Improvement of ultrasound microwave-assisted enzymatic production and high hydrostatic pressure on emulsifying, rheological and interfacial characteristics of sweet potato protein hydrolysates
文献类型: 外文期刊
第一作者: Falade, Ebenezer Ola
作者: Falade, Ebenezer Ola;Mu, Tai-Hua;Zhang, Miao
作者机构:
关键词: Sweet potato protein hydrolysates; Emulsion; Rheology; Interface; High hydrostatic pressure; Ultrasound-microwave-assisted enzymatic hydrolysis
期刊名称:FOOD HYDROCOLLOIDS ( 影响因子:7.053; 五年影响因子:7.077 )
ISSN: 0268-005X
年卷期: 2021 年 117 卷
页码:
收录情况: SCI
摘要: Herein, we investigated effects of ultrasound microwave (UM)-assisted enzymatic hydrolysis and high hydrostatic pressure (HHP, 300, 400 and 500 MPa) on emulsifying, rheological and interfacial characteristics of sweet potato protein hydrolysates (SPPH).

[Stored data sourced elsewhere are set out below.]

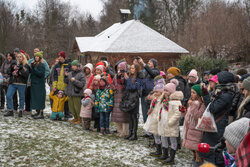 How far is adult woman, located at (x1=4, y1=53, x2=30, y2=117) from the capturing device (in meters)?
7.45

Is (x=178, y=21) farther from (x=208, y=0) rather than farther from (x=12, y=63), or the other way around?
A: (x=12, y=63)

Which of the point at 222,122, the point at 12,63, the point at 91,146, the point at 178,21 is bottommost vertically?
the point at 91,146

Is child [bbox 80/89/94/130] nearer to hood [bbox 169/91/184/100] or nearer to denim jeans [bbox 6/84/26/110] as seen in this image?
denim jeans [bbox 6/84/26/110]

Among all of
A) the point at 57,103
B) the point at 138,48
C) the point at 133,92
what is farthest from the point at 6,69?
the point at 138,48

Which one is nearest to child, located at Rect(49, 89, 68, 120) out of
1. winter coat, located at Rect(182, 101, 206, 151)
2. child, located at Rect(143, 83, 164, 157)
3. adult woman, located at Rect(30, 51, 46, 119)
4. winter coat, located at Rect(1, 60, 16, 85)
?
adult woman, located at Rect(30, 51, 46, 119)

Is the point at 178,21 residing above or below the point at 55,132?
above

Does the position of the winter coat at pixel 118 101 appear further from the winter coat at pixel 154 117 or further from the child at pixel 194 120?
the child at pixel 194 120

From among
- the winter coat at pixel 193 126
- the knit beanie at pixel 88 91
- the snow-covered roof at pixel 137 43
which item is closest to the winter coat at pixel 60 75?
the knit beanie at pixel 88 91

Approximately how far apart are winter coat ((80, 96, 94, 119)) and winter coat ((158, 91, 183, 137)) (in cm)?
243

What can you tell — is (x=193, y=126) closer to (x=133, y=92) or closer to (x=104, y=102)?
(x=133, y=92)

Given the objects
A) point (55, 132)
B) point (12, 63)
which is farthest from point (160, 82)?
point (12, 63)

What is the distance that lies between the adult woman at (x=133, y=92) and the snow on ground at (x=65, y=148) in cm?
36

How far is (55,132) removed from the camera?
6570 millimetres

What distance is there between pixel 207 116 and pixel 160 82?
1820mm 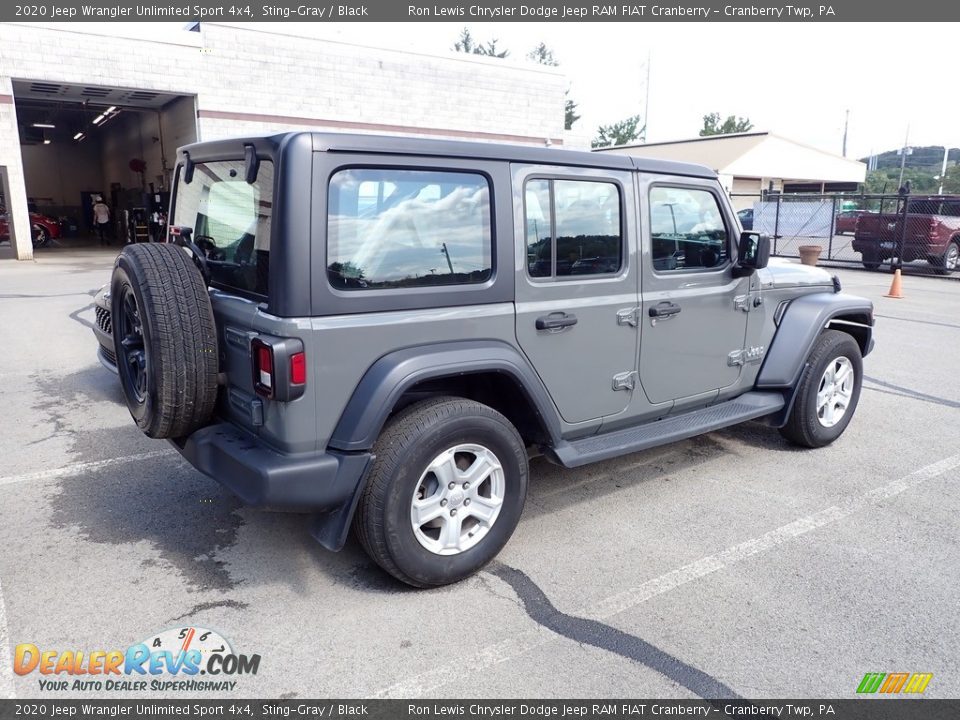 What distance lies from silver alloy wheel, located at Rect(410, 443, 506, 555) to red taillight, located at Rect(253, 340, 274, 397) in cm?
77

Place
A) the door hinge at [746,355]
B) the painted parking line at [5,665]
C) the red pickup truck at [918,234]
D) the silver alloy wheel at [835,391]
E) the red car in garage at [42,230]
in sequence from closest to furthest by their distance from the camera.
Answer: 1. the painted parking line at [5,665]
2. the door hinge at [746,355]
3. the silver alloy wheel at [835,391]
4. the red pickup truck at [918,234]
5. the red car in garage at [42,230]

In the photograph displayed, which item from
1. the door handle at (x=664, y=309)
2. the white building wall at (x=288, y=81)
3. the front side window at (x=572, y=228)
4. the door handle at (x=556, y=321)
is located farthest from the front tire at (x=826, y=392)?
the white building wall at (x=288, y=81)

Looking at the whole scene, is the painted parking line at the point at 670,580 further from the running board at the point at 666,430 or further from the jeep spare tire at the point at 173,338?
the jeep spare tire at the point at 173,338

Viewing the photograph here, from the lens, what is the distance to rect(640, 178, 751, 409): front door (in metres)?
4.02

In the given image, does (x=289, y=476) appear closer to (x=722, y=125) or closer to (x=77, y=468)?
(x=77, y=468)

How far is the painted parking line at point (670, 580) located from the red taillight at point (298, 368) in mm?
1199

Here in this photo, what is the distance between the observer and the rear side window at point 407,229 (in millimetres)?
2986

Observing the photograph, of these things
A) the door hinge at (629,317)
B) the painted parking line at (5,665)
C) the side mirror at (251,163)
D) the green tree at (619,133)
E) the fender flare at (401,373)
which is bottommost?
the painted parking line at (5,665)

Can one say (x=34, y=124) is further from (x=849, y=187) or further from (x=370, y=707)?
(x=849, y=187)

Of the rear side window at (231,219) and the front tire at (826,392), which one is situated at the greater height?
the rear side window at (231,219)

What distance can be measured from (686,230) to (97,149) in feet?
124

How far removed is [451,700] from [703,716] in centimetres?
88

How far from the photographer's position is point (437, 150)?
319 cm

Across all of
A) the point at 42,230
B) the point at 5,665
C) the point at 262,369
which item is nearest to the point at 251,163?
the point at 262,369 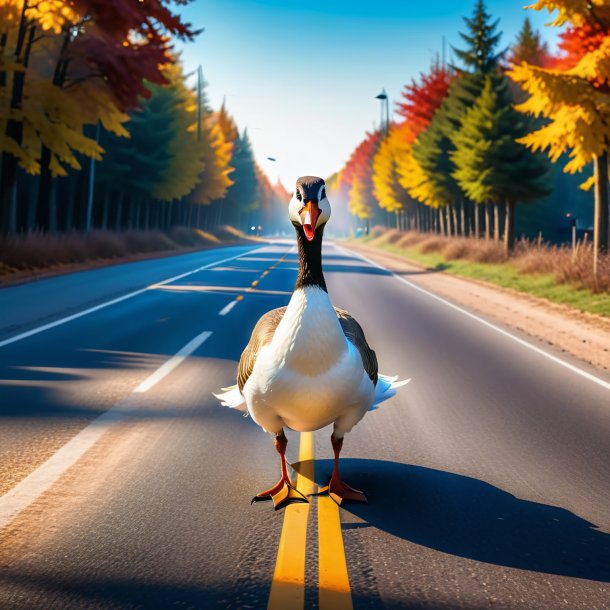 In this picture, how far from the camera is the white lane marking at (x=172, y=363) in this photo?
8383mm

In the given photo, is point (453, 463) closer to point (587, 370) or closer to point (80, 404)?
point (80, 404)

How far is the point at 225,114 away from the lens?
300ft

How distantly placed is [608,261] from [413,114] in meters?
40.0

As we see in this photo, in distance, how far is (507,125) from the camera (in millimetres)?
33594

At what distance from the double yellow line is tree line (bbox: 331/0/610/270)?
54.3 feet

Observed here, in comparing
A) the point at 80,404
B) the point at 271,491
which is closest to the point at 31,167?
the point at 80,404

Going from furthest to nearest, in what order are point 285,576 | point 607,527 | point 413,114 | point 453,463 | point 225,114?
point 225,114 < point 413,114 < point 453,463 < point 607,527 < point 285,576

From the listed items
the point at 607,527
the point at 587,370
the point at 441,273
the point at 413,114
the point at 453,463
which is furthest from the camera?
the point at 413,114

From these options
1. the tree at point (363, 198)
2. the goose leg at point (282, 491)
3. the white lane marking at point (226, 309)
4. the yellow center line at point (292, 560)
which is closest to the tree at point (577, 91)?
the white lane marking at point (226, 309)

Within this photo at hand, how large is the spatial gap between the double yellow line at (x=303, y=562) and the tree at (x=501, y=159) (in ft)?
98.0

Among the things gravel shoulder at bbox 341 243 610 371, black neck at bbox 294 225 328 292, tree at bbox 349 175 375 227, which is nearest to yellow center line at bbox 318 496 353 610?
black neck at bbox 294 225 328 292

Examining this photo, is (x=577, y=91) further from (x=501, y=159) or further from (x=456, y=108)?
(x=456, y=108)

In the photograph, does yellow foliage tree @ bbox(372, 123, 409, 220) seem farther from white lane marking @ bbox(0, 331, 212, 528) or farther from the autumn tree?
white lane marking @ bbox(0, 331, 212, 528)

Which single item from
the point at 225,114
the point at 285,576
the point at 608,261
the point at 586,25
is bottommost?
the point at 285,576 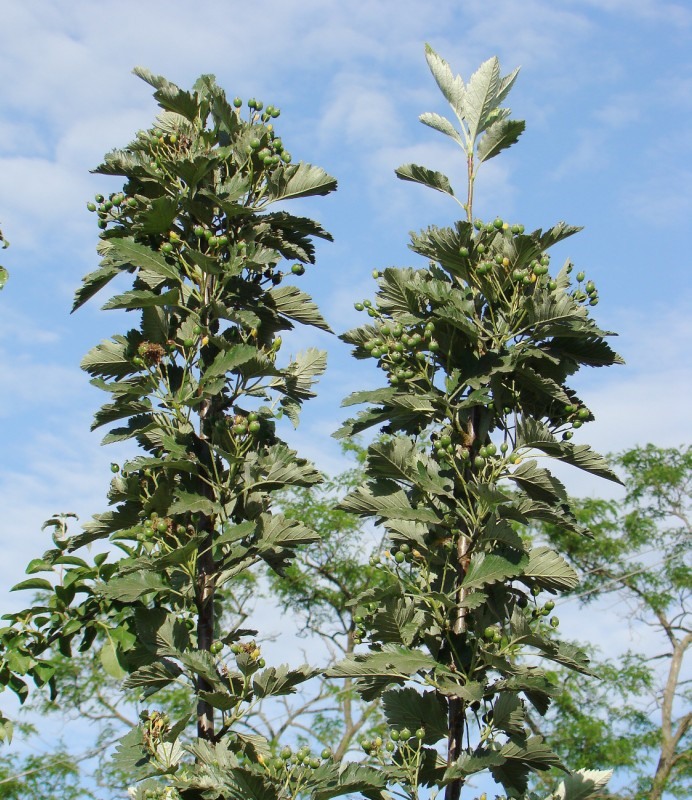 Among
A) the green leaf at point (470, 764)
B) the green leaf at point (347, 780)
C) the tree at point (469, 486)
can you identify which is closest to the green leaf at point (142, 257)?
the tree at point (469, 486)

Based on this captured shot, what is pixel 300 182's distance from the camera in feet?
16.9

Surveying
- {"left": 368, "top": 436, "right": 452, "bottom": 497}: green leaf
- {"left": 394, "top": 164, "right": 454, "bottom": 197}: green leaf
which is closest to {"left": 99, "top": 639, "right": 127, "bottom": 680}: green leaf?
{"left": 368, "top": 436, "right": 452, "bottom": 497}: green leaf

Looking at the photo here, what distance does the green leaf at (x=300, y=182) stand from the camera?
5.13m

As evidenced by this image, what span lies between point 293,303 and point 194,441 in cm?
88

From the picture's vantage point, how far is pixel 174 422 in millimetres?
4840

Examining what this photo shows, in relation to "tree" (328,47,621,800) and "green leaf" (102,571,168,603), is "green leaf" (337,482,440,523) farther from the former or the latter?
"green leaf" (102,571,168,603)

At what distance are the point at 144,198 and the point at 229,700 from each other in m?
2.57

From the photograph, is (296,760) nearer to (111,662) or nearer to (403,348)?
(111,662)

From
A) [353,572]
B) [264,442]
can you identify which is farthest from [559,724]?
[264,442]

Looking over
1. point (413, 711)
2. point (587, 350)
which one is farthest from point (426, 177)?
point (413, 711)

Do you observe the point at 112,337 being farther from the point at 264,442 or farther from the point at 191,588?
the point at 191,588

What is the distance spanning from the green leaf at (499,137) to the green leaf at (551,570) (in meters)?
2.04

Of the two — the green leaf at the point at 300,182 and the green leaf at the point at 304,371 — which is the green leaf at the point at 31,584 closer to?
the green leaf at the point at 304,371

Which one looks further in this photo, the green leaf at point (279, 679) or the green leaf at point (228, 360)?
the green leaf at point (228, 360) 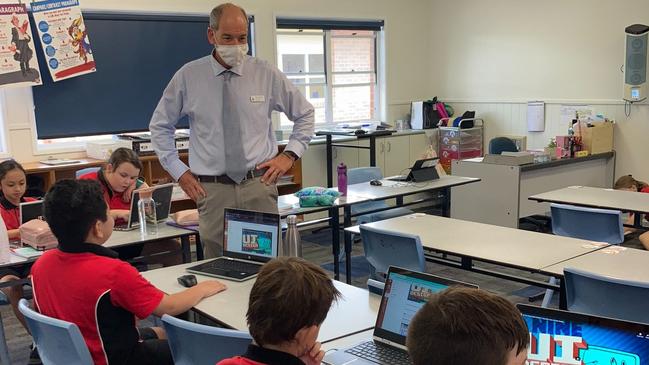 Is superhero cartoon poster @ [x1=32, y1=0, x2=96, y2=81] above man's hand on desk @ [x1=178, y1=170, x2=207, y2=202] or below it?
above

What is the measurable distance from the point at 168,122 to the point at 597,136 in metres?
4.95

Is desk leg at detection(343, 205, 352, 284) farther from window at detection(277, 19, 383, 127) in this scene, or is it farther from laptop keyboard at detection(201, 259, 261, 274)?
window at detection(277, 19, 383, 127)

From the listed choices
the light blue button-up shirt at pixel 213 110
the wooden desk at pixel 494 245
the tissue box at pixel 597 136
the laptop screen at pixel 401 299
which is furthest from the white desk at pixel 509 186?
the laptop screen at pixel 401 299


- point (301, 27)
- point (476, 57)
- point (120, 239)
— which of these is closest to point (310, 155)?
point (301, 27)

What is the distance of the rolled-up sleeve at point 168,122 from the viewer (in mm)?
3117

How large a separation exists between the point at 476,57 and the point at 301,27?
225 centimetres

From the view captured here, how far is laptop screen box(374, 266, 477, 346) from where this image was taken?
79.0 inches

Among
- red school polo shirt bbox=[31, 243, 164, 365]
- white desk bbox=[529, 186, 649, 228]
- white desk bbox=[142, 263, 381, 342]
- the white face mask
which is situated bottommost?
white desk bbox=[142, 263, 381, 342]

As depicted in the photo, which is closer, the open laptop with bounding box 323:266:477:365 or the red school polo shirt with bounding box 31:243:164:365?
the open laptop with bounding box 323:266:477:365

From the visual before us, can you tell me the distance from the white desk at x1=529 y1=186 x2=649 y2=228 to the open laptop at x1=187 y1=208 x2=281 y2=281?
2.58m

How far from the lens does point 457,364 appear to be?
3.70 feet

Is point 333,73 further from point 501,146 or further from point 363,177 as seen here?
point 363,177

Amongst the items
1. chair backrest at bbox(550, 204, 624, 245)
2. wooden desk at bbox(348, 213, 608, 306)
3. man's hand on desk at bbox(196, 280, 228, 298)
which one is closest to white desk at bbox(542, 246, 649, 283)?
wooden desk at bbox(348, 213, 608, 306)

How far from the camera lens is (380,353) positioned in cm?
203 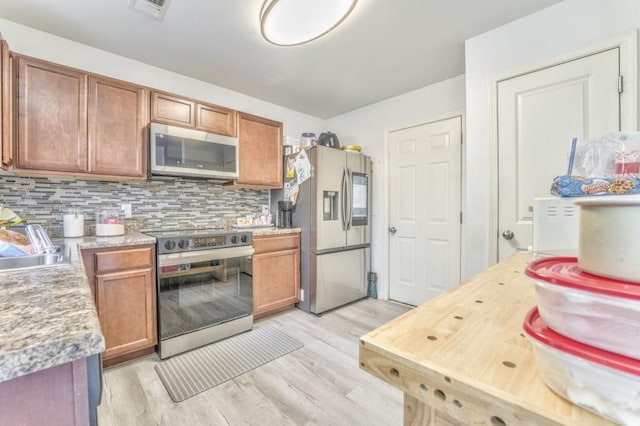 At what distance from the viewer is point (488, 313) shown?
67cm

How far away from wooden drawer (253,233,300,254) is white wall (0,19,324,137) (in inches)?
60.4

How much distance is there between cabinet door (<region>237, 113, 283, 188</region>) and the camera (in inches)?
110

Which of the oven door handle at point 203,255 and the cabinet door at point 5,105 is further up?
the cabinet door at point 5,105

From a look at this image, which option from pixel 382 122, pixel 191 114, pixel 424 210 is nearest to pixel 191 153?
pixel 191 114

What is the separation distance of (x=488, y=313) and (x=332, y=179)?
2.36 meters

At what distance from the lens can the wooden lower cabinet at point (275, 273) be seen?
8.66 feet

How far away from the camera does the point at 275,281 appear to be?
2.77 meters

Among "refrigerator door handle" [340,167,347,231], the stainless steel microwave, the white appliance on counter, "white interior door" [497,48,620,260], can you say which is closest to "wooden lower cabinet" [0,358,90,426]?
the white appliance on counter

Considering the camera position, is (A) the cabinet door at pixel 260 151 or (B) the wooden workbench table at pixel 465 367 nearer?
(B) the wooden workbench table at pixel 465 367

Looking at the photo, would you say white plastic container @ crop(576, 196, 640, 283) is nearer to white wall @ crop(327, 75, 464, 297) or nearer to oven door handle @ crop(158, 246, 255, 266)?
oven door handle @ crop(158, 246, 255, 266)

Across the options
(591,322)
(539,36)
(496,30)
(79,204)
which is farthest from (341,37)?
(79,204)

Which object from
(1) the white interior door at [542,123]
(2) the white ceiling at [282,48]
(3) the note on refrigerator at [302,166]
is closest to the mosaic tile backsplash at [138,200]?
(3) the note on refrigerator at [302,166]

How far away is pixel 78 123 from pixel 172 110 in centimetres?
66

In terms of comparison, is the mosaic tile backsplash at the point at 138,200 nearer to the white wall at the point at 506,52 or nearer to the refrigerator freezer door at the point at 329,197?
the refrigerator freezer door at the point at 329,197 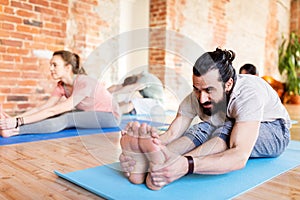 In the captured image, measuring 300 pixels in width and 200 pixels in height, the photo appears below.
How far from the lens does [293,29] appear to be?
8641 mm

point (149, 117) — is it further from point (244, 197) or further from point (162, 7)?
point (244, 197)

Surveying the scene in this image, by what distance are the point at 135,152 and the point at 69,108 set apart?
139cm

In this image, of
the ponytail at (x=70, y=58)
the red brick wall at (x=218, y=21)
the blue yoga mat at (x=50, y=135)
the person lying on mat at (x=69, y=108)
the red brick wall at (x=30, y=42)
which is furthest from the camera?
the red brick wall at (x=218, y=21)

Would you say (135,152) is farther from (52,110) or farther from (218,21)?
(218,21)

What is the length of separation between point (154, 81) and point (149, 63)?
1.13 meters

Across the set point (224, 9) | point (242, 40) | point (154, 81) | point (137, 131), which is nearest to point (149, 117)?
point (154, 81)

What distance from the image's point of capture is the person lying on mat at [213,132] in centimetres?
109

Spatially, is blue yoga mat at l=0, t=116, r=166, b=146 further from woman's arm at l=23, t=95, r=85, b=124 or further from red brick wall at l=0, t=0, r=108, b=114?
red brick wall at l=0, t=0, r=108, b=114

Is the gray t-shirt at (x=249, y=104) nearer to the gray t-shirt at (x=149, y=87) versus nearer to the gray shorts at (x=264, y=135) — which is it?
the gray shorts at (x=264, y=135)

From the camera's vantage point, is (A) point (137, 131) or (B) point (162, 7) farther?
(B) point (162, 7)

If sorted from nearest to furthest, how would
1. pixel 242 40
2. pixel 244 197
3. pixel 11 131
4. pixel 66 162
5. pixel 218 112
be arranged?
1. pixel 244 197
2. pixel 218 112
3. pixel 66 162
4. pixel 11 131
5. pixel 242 40

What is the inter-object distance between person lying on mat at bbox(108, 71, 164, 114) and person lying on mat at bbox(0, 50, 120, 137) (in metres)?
0.73

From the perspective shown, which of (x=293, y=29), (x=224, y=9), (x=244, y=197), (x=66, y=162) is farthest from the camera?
(x=293, y=29)

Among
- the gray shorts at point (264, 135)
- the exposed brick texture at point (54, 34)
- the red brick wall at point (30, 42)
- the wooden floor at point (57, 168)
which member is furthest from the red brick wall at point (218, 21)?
the gray shorts at point (264, 135) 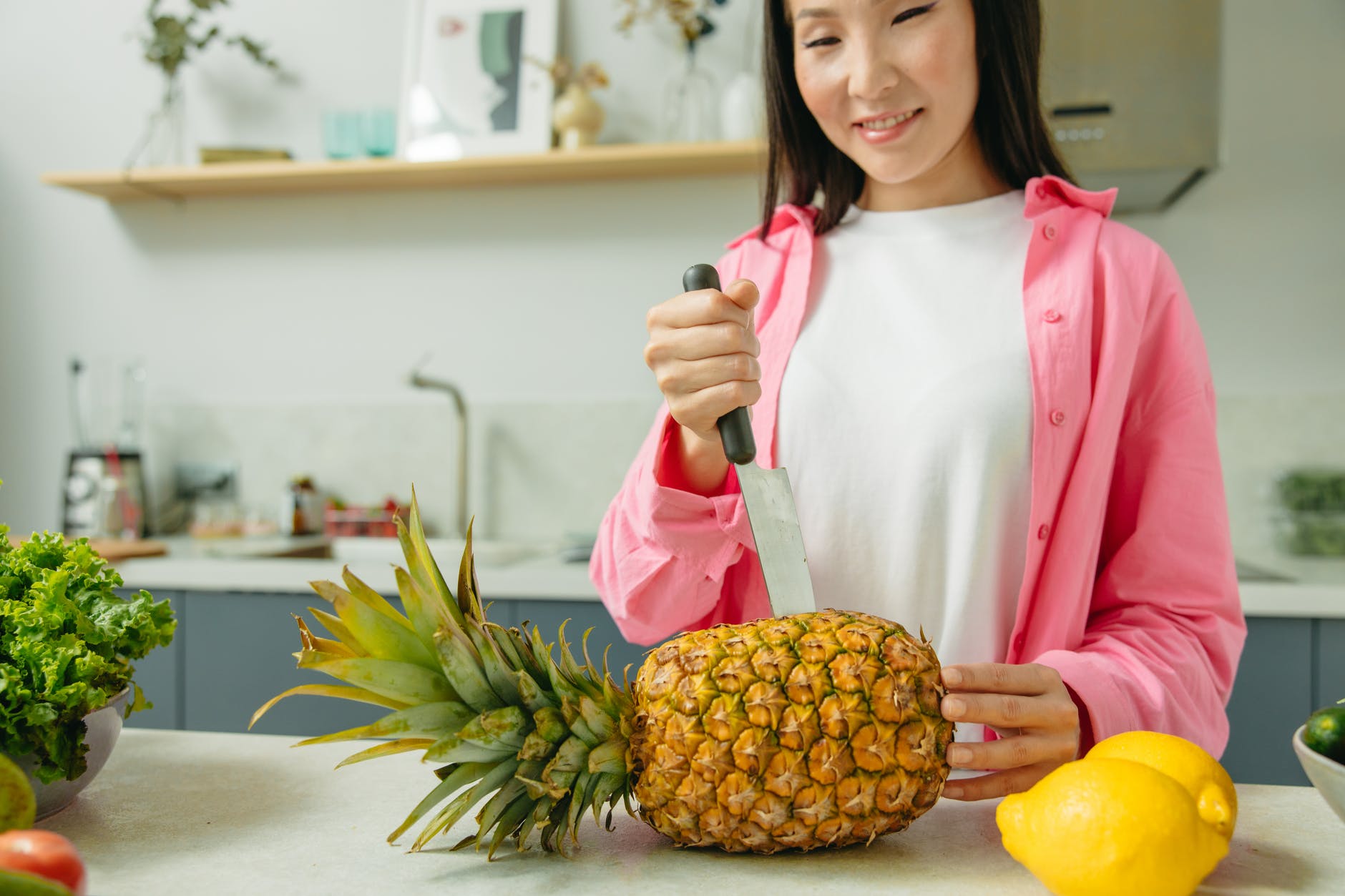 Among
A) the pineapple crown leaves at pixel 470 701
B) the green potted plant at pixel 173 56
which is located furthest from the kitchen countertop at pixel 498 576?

UM significantly improved emulsifying properties of SPPH. Emulsion stabilized with SPPH by UM at 400 MPa was the most physically stable with ESI of 43.16% compared with other emulsions, which showed lower particle size (239.25 nm) but higher zeta potential (26.75 mV). HHP increased adsorption and antioxidant activity of SPPH at interfacial layer. Emulsion stabilized with UM-SPPH400MPa presented the highest adsorbed peptides at interface (23.79%) with a high ORAC value of 100.49 ?g TE mL-1, from which diverse peptides with potential antioxidant activities were obtained by LC-MS/MS. Additionally, changes in peptide conformation and position of some specific amino acids were revealed by structure-activity relationship analysis. Therefore, ultrasound-microwave and HHP have great potential in peptides production with enhanced functionality.